Rencontre avec Mathis Akengin

Entre fragilité, puissance et sincérité, Mathis Akengin façonne un univers à son image : libre et poétique. Pianiste formé au conservatoire, il a grandi entre les tournées blues rock et les expérimentations sonores, avant de se lancer en solo. À l’aube de la sortie de son premier album — enregistré intégralement chez lui — il nous parle de ses influences, de sa famille et de cette quête d’authenticité qui traverse toute sa musique.

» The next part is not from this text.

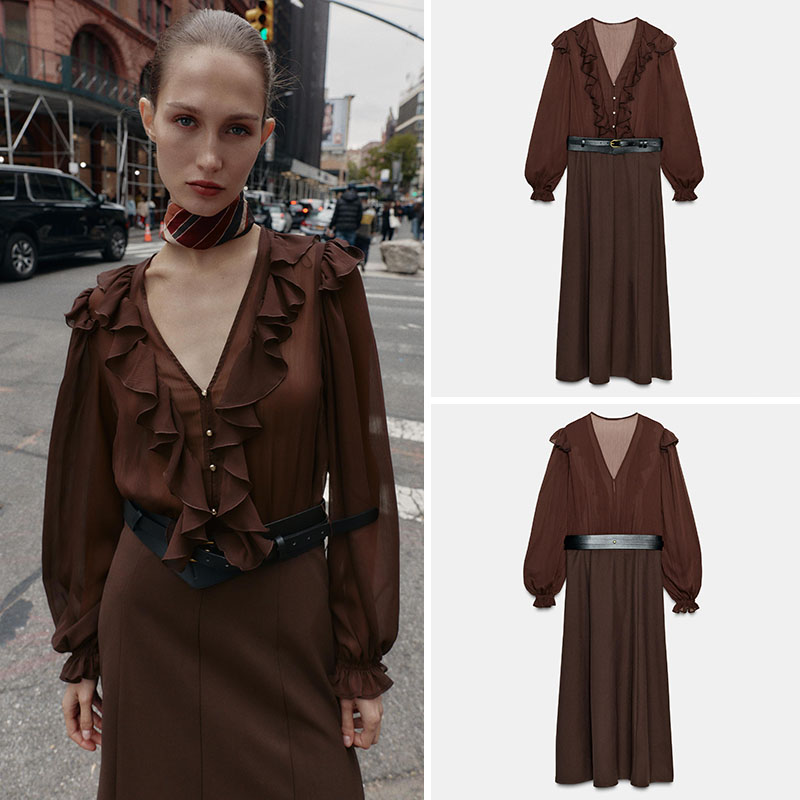 Ethnic Fashion Wear - Elegante V-hals midi-jurk met lange mouwen,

Peux-tu te présenter et me parler de ton parcours musical ?
J’ai commencé le piano assez jeune, vers six ans, au conservatoire. J’y ai suivi un parcours classique, mais en parallèle, j’ai très vite rejoint des groupes. À douze ans, j’ai eu la chance de faire mes premières tournées avec mon tout premier groupe, un projet de blues rock qui marchait plutôt bien en France. C’était une super expérience, presque semi-pro, surtout à cet âge-là.

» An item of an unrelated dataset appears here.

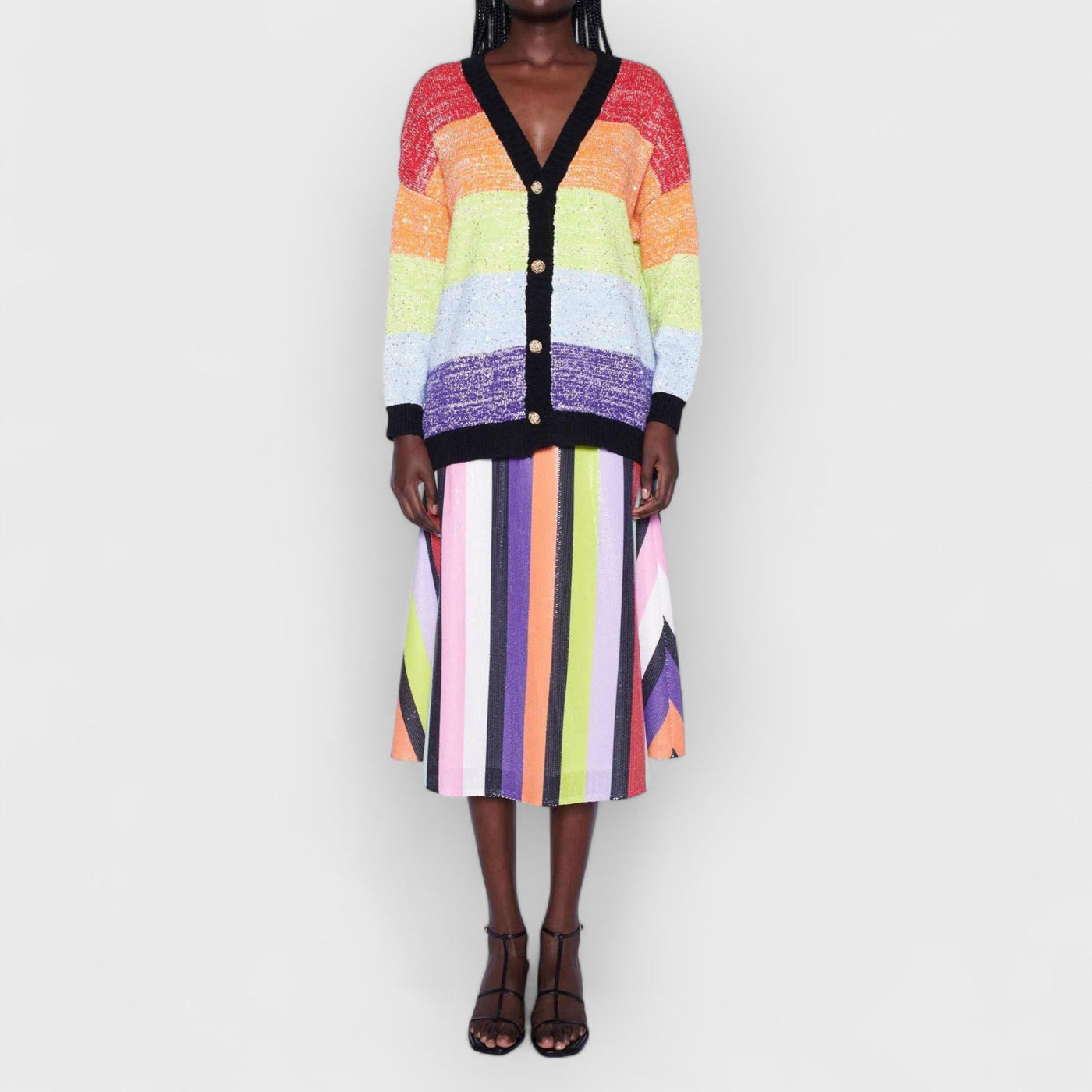 Rainbow Stripe Sequins Cardigan & Multi Sequin Stripe Skirt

Depuis, j’ai eu plusieurs projets et collaborations qui m’ont permis d’explorer pas mal de styles différents. Le rock reste très présent dans tout ce que je fais, mais il y a aussi une vraie influence jazz oriental et world music dans mes morceaux solo.

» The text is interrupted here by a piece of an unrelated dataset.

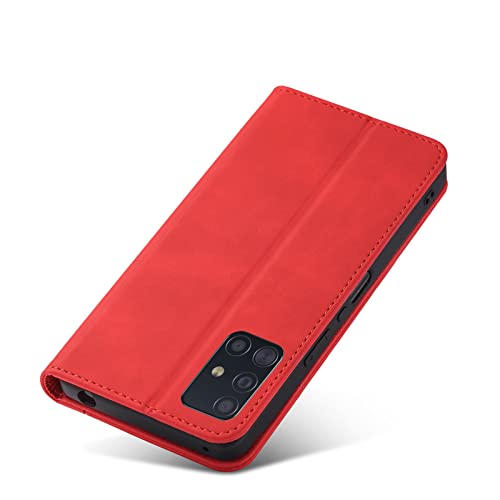 Handyhülle kompatibel mit Samsung S20 FE Leder PU Wallet Case, Magnetverschluss Flip Phone Case Ledertasche Samsung S20/PLUS/FE A51 5G Flip Cover Cover (rot) von YEQIU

Qu’est-ce qui t’a amené à commencer la musique aussi tôt ?
Mes parents m’ont forcé ! En général, quand tu commences la musique à six ans, c’est rarement par choix. Je suis d’origine turque, et quand on est arrivés en France, la musique était presque aussi importante que l’école pour mes parents. Ils n’étaient pas musiciens, mais pour mon frère et moi, c’était obligatoire.

J’ai choisi le piano simplement parce qu’il y en avait déjà un à la maison, donc c’était pratique et moins cher. Le vrai plaisir est venu un peu plus tard, quand j’ai commencé à bien maîtriser l’instrument et à pouvoir vraiment m’amuser avec.

Le piano est un instrument classique mais ton son et ton parcours sont plutôt éclectiques, comment ça s’explique ?
L’enseignement classique que j’ai reçu au conservatoire se ressent toujours dans certains aspects techniques de ce que je fais. Mais j’ai toujours eu cette envie d’explorer, de sortir un peu du cadre. J’essaie d’en garder des traces dans ma musique, sans que ça prenne toute la place.

Mon but n’a jamais été de faire de la musique classique pure, même si ça m’a beaucoup appris. En sortant d’une formation comme ça, il y a un vrai travail de désapprentissage : accepter qu’une note ne soit pas “juste” ou qu’un son soit un peu bancal. Et pourtant, c’est souvent là que ça devient le plus intéressant, parce que c’est vivant et un peu imprévisible.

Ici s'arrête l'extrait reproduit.